Keep the pictures out while you transcribe the listing below exactly.

__SUPPLIED INFORMATION__.

★ ★ ★ ★ ★ ★ ★

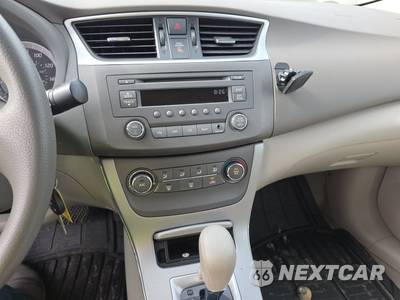 2014 Nissan Sentra SV - zdjęcie 11 z 18 - miniatura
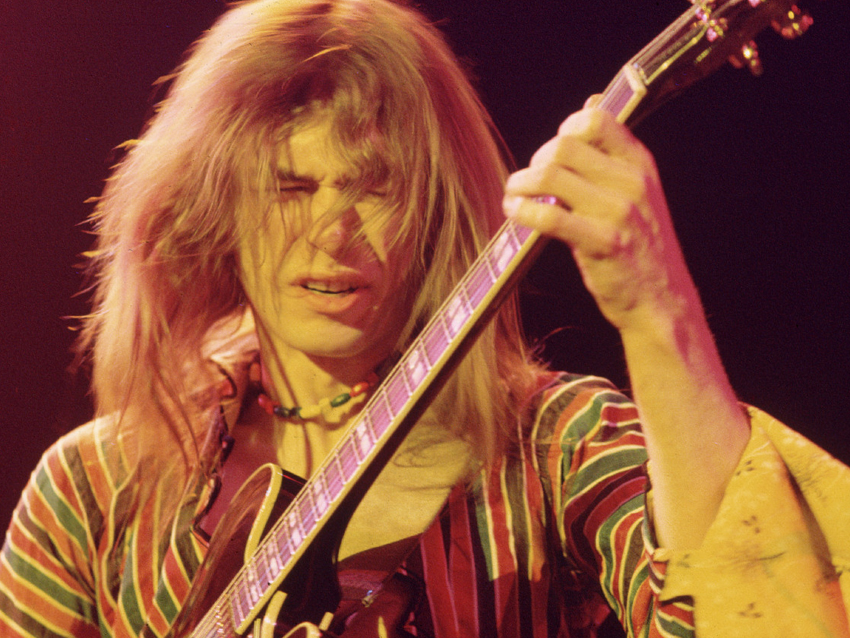 Steve Howe Jamming on the Guitar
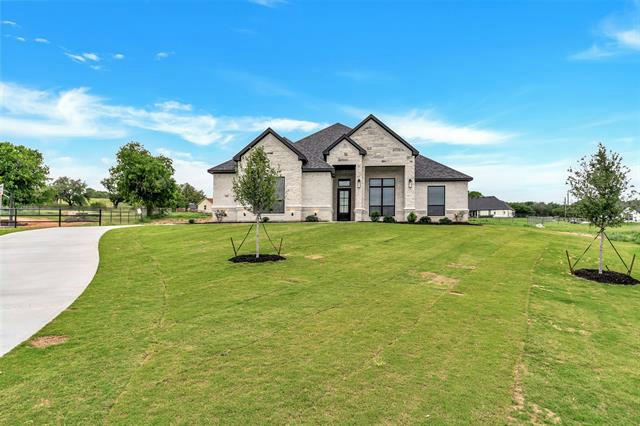 208 ASH CT, WEATHERFORD, TX 76085, photo 1 of 31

★ ★ ★ ★ ★ ★ ★

__OUTPUT OF THE TASK__.
 2014 Nissan Sentra SV - zdjęcie 11 z 18 - miniatura
 Steve Howe Jamming on the Guitar
 208 ASH CT, WEATHERFORD, TX 76085, photo 1 of 31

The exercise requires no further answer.